According to David Wilton, CIO of IFC’s global private equity investment business, private equity returns in the continent have averaged 19% a year since 2000, compared to an 11% internal rate of return for the MSCI. Moreover, these returns have beaten the African public markets. Andre Roux, CEO of South African private equity firm Ethos, says returns for South African private equity have beaten public markets by 400 to 800 basis points a year for the last 10 years. Has private equity come to Africa?

“We didn’t find many LPs who were new to the asset class, but we did find many who were new to Africa,” says Paul Cunningham, CFO of investment firm Helios Investment Partners, which recently closed a $900 million African-focused private equity fund. “As LPs realize that growth in the developed markets is not there, they are looking at alternatives—and since the beginning of 2011 there has been a sea change in investor interest and they are actively looking to diversify into a new continent.” LPs say that concerns over governance risks are overblown when it comes to investing in Africa. “African private equity has been largely founded by the development bank community and so very strong controls have been put in at the beginning,” says IFC’s Wilton. “It does not suffer from the lack of property rights or transparency issues that China faced coming out of communism in the 1990s.” There is a lack of reliable information about the asset class, but this is being addressed by the creation of a new African private equity benchmark index being built by Cambridge Associates and the newly formed African Venture Capital Association.

When foreign investors are looking to a new asset class, they do like to see that local investors are already there.
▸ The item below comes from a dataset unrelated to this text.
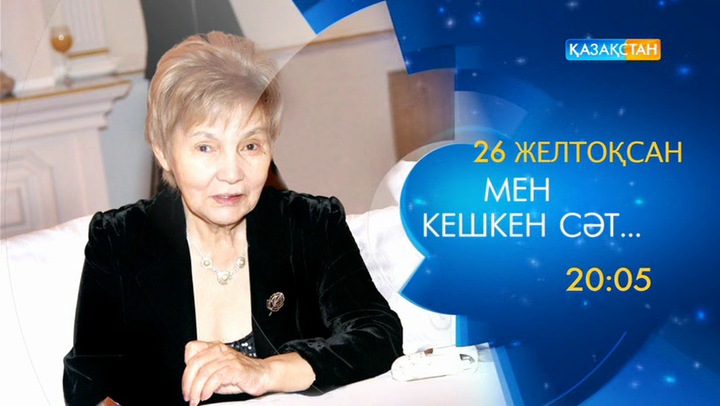 «Мен кешкен сәт...» концертін көріңіз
However, for African private equity, this is not necessarily the case. “African pension funds are conservative investors and private equity is still viewed as risky,” says David Uduanu, Managing Director of Pensions Alliance, Pension Operators Association of Nigeria. Uduanu also says that beating local currency bonds is difficult for national LPs as these bonds return between 12% and 18% a year. Moreover, local rules requiring pension plans to provide up to 25% annual liquidity in many markets make it very difficult to allocate to private equity funds.
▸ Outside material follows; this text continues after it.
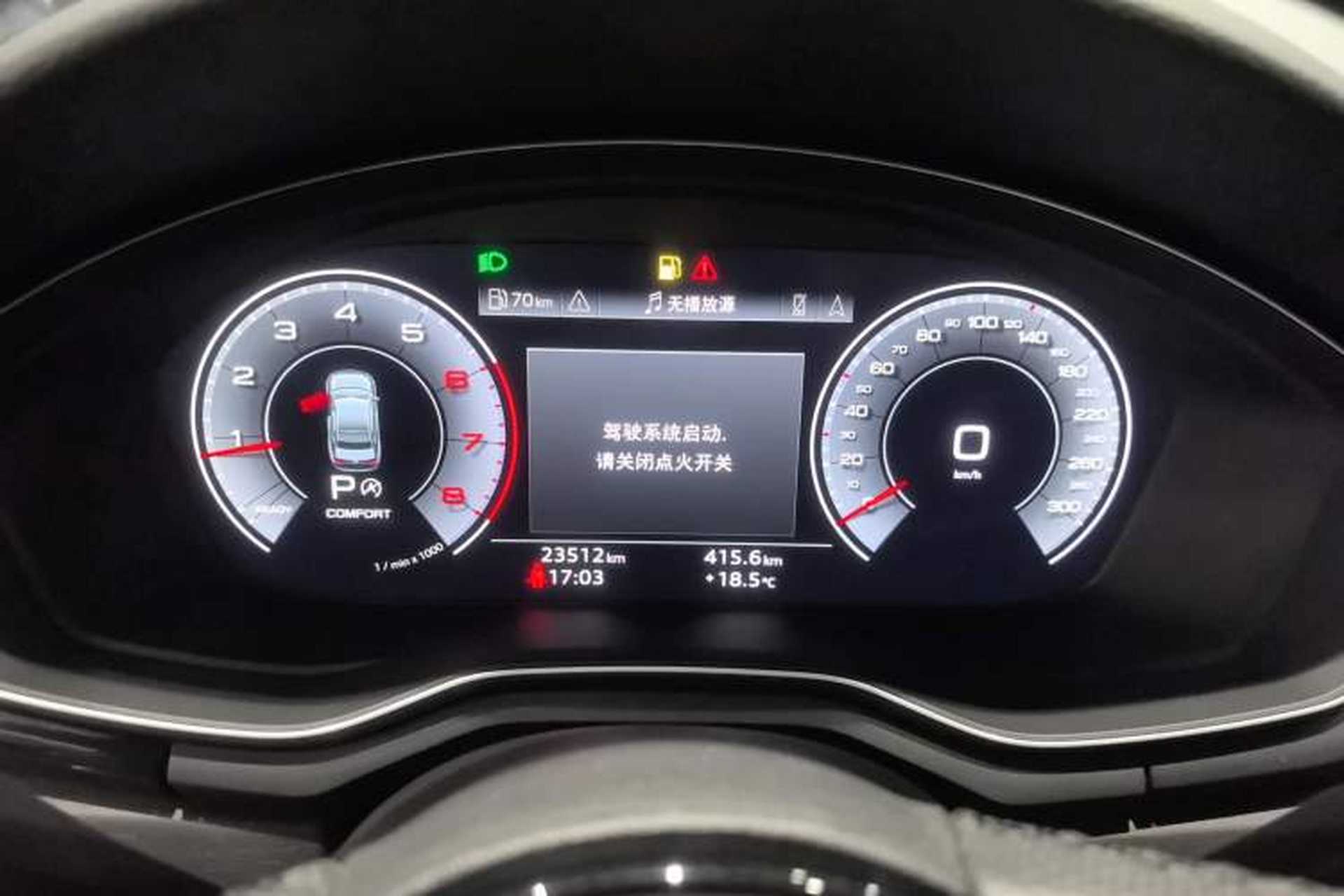 Used Audi A4L 2024 40 TFSI Luxury Dynamic Edition Instrument Cluster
Other local LPs have also been burnt by previous investments. “We had a very poor experience in one private equity fund—our investments quickly became impairments—so we pulled out,” says Ephraim Letebele, CEO of the Botswana Public Officers Pension Fund. Widespread acceptance of the asset class comes only with proven success. According to Michael Addo, former General Manager of Investments, Social Security, and National Insurance Trust of Ghana, “There is no pension fund in sub-Saharan Africa that has invested in private equity and has seen any successful exits.”

Bridging the gap between past performance and future potential is the job of the new pioneers in African private equity— and with returns from other asset classes wilting, that bridge needs to be built.